ABOUT THIS EXERCISE: Lines from the records below that contain the word "House" are to be copied out.

DATA EXTRACT:

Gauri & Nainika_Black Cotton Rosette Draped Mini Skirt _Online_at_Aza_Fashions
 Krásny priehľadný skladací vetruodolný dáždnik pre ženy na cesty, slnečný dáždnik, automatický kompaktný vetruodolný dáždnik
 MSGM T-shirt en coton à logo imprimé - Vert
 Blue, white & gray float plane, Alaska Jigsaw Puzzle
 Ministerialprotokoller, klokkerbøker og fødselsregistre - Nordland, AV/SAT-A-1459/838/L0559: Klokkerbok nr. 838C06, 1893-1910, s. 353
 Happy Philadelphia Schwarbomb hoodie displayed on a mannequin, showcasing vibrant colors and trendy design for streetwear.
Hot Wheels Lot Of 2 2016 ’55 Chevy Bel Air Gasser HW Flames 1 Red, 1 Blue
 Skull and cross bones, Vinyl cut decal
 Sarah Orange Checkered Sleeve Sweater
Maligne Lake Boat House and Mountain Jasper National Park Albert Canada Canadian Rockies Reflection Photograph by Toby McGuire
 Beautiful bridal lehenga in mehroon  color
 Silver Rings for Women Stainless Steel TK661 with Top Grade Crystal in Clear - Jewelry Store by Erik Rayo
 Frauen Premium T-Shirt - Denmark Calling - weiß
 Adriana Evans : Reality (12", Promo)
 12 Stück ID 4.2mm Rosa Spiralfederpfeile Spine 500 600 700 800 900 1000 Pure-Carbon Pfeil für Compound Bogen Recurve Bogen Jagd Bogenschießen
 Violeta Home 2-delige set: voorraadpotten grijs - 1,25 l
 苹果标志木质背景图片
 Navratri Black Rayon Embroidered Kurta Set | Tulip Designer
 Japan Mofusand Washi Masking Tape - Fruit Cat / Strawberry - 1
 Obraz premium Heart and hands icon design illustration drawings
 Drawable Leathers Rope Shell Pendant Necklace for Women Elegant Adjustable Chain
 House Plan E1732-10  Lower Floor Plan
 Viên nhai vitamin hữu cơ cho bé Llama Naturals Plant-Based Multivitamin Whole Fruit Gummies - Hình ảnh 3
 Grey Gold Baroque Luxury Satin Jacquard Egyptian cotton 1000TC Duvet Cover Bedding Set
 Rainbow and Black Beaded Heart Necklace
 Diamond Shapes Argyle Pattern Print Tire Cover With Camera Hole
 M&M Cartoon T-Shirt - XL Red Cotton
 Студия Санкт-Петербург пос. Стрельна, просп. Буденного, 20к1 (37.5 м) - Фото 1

RESPONSE TO THE TASK:
Maligne Lake Boat House and Mountain Jasper National Park Albert Canada Canadian Rockies Reflection Photograph by Toby McGuire
 House Plan E1732-10  Lower Floor Plan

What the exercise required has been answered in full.